Aku mulai berani melewati banyak hal bersamamu. Kita habiskan waktu dengan langkah yang sama dengan denyut yang tak berbeda, begitu seirama tanpa celah, tanpa cacat, sempurna dan aku bahagia.
Bahagia. Benarkah aku dan kamu pernah merasa bahagia?
Jika iya mengapa kita memilih perpisahan sebagai jalan.
Jika bahagia adalah jawaban mengapa aku dan kamu masih sering bertanya tanya?
Pada Tuhan, pada manusia lainya dan pada hati kita sendiri. Kenapa kau harus ubah mimpi menjadi api? Mengapa kau ubah pelangi menjadi buih?
Mengapa harus kau ciptakan luka? jika selama ini kau merasa kita telah sampai di puncak bahagia.
Kegelisahan ku meningkat ketika aku memikirkan mu.
Aku bahkan masih mengkhawatirkanmu, masih diam-diam mencari tahu kabarmu dan aku masih merasa sakit jika sudah ada yang lain yang mengisi kekosongan hatimu.
Seharusnya aku tak perlu merasa seperti itu. Karna kau masa lalu, karna kita tak terikat apa-apa lagi.
Benar akulah yang bodoh, yang tak memutuskan diri untuk berhenti.

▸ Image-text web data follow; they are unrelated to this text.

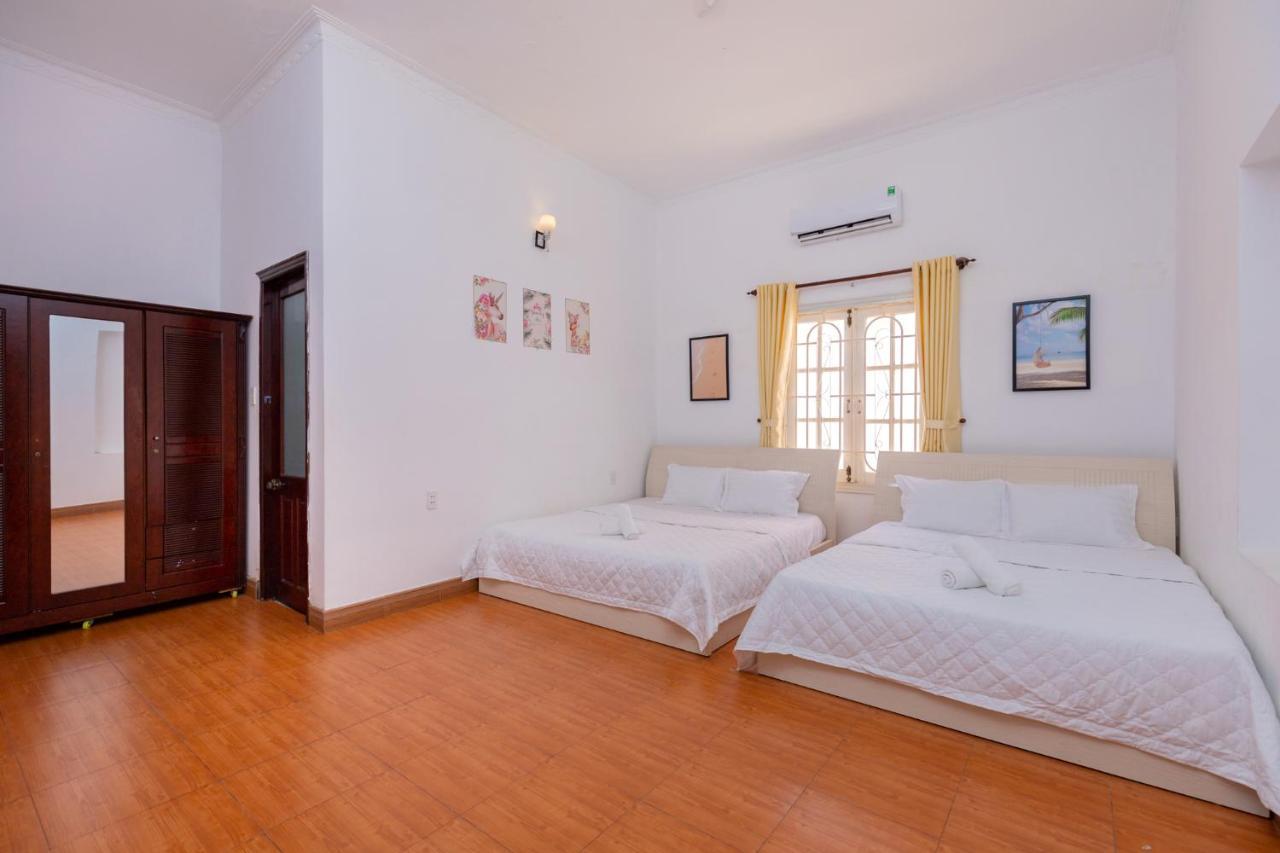 Sea Villa Ho Boi Gan Bien Bai Sau - Free Karaoke + Bida Vung Tau Exterior foto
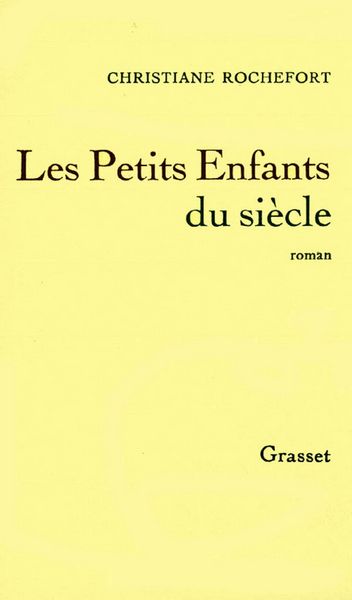 Produktbild: Les petits enfants du si&egrave;cle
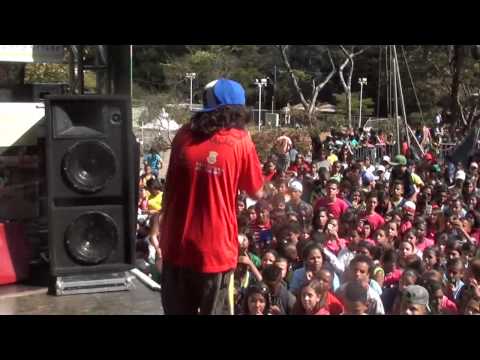 YURI BH - A FAVELA SOU EU - AO VIVO NO PARQUE DAS MANGABEIRAS-BELO HORIZONTE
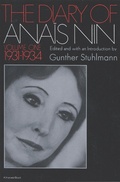 Cover: The Diary of Ana&iuml;s Nin, 1931-1934 - Mariner Books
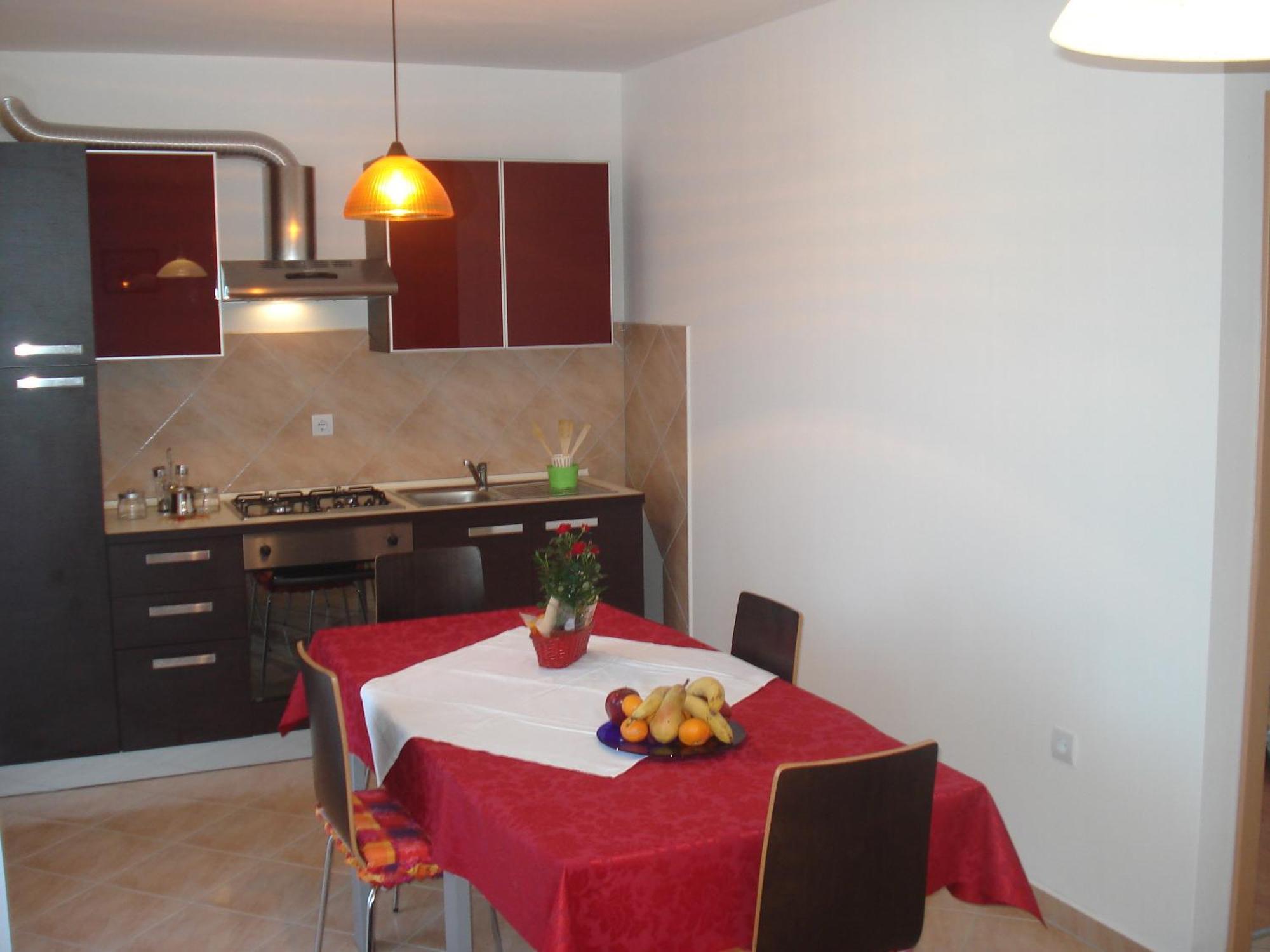 פאז'אנה Apartments Buzleta מראה חיצוני תמונה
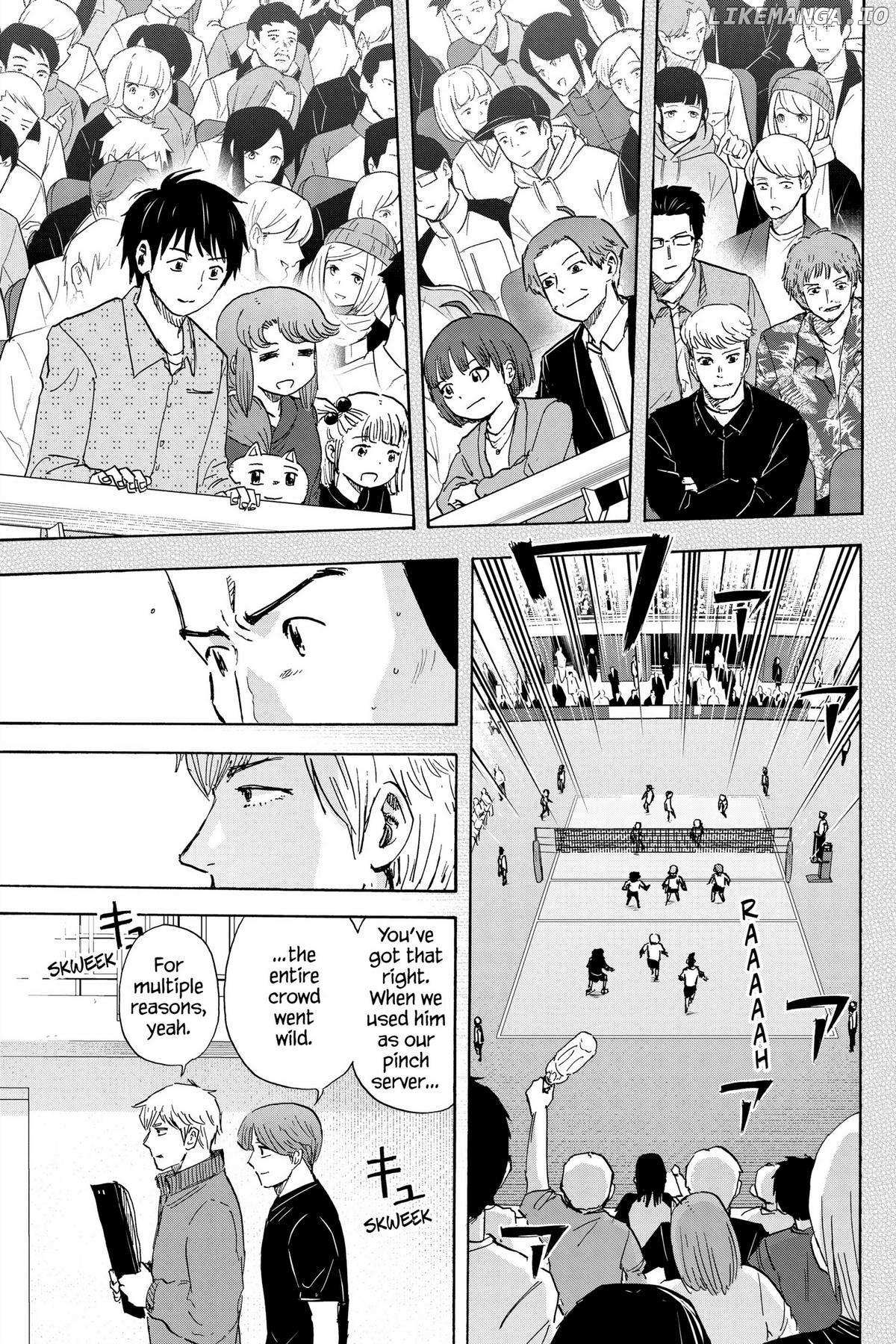 High School Family: Kokosei Kazoku - Chapter 122.5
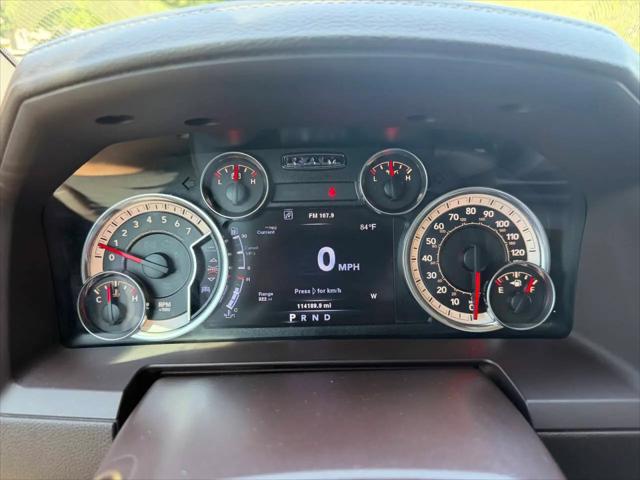 2014 Ram 1500 Laramie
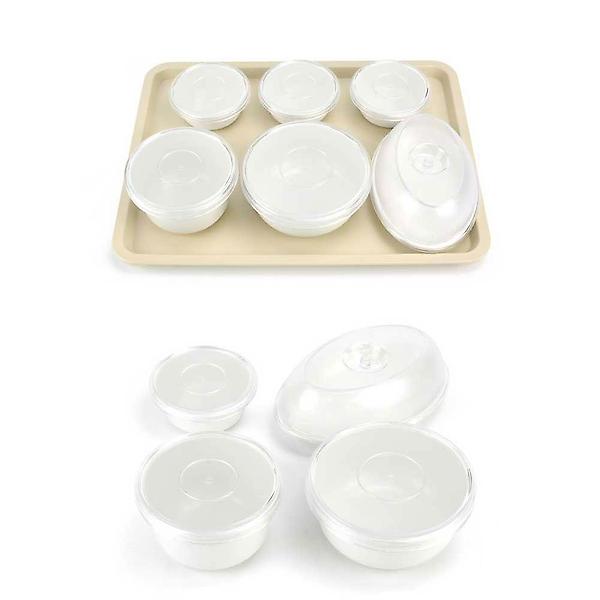  산후조리원 요양원 병원 식기 4찬 PC 식기세트 8호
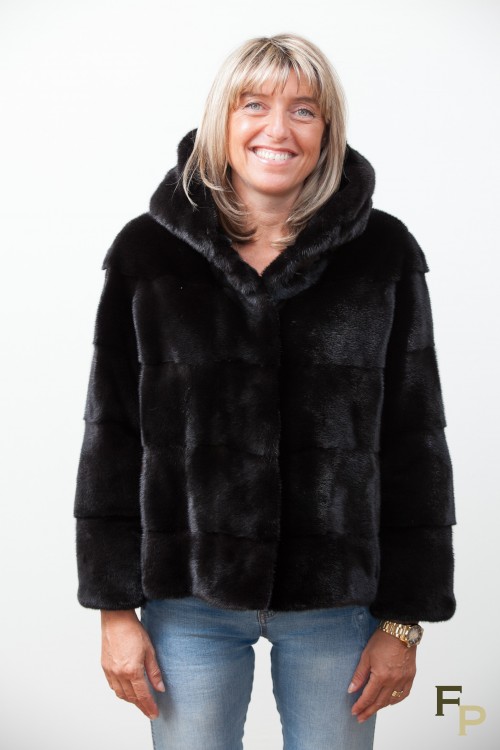 Blackglama Mink Jacket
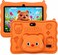 Modio M72 Tablet 7 Inch HD Display, 6GB RAM + 256GB Storage, Android 13, Dual Camera (5MP+2MP), 3000mAh Battery, 5G WiFi, Shockproof Protective Case with Accessories &ndash; Orange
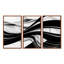 Cytlaly - Ensemble de décorations murales vagues-108313031-108313029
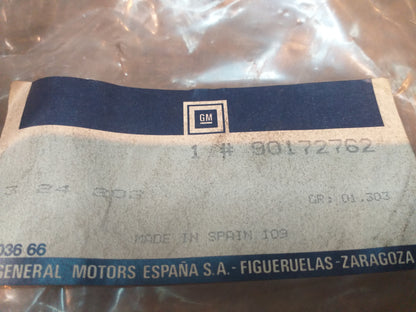 Corsa A Emblem an Kühlergrill original GM Opel NEU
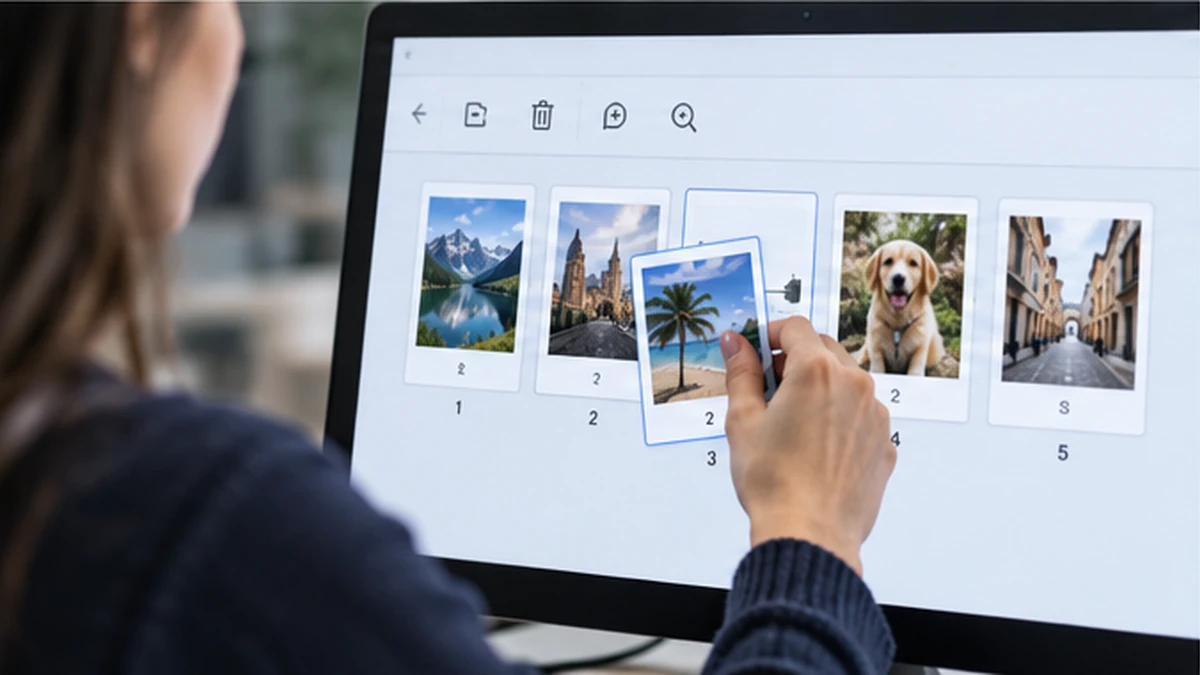 Cara Mengatur Urutan Halaman Saat Konversi JPG ke PDF
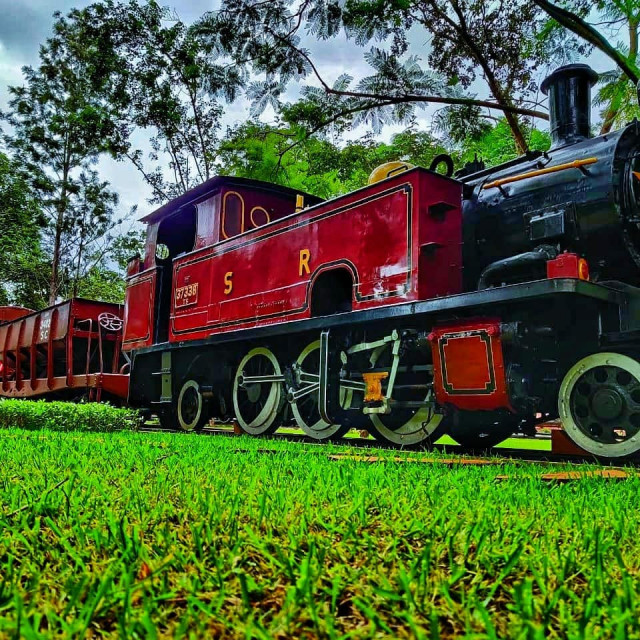 Mysore Railway Museum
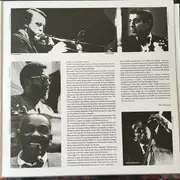 Double LP - Johnny Griffin - Griff'n'Bags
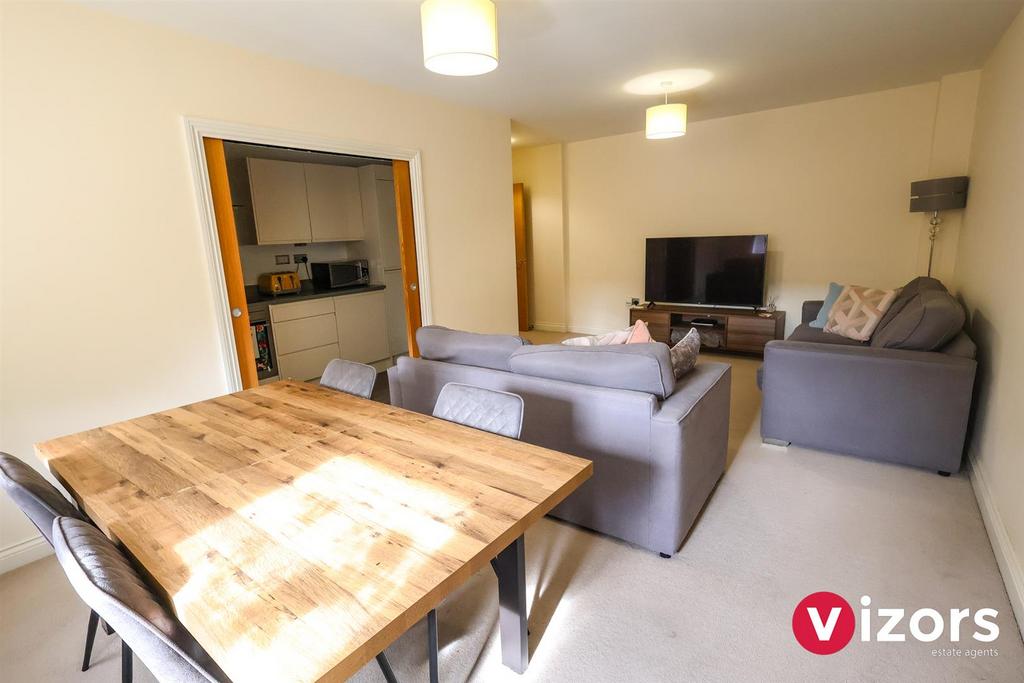 Living Room/Diner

Aku masih berjalan terus berjalan dengan penutup mata yang tak ingin ku buka.
Semuanya gelap, tanpamu kosong.
Ternyata hari berlalu dengan sangat cepat sudah sebulan dan sudah terhitung lagi berapa frase kata yang terucap untukmu di dalam doa.
Salahku yang terlalu perasa.
Salahku yang mengartikan segalanya dengan sangat berani.
Kupikir dengan ikuti aturanku semua akan semakin sempurna.
Lagi dan lagi aku salah.
Dan kamu memilih untuk pergi, ini juga salahku karna tak mengunci langkahmu ketika ingin menjauh.
Setelah perpisahan itu hari-hari yang ku lalui masih sama.
Aku masih mengerjakan rutinitas ku. Kali ini semua berbeda, tak ada kamu yang dulu, tak ada kita yang dulu.
Semua kenangan memang berasal dari masa lalu, tapi tetap punya tempat tersendiri dalam hati yang sedang bergerak ke masa depan.
Hidupku tak lagi sama dan aku masih berjuang untuk melupakan sosokmu yang tak lagi terangkum oleh pelukan.
Padahal aku masih jalani hari yang sama aku masih menjadi diriku dan jiwaku masih lekat dengan tubuhku.
Tapi masih ada yang kurang dan berbeda.
Kesunyian ini bernama TANPAMU.
Jika jemari ditakdirkan untuk menghapus air mata, mengapa kali ini aku menghapus air mataku sendiri?
Dimanakah jemarimu saat tak bisa kau hapuskan air mata ku?
Jika kau merindukan kita yang dulu, aku pun juga begitu.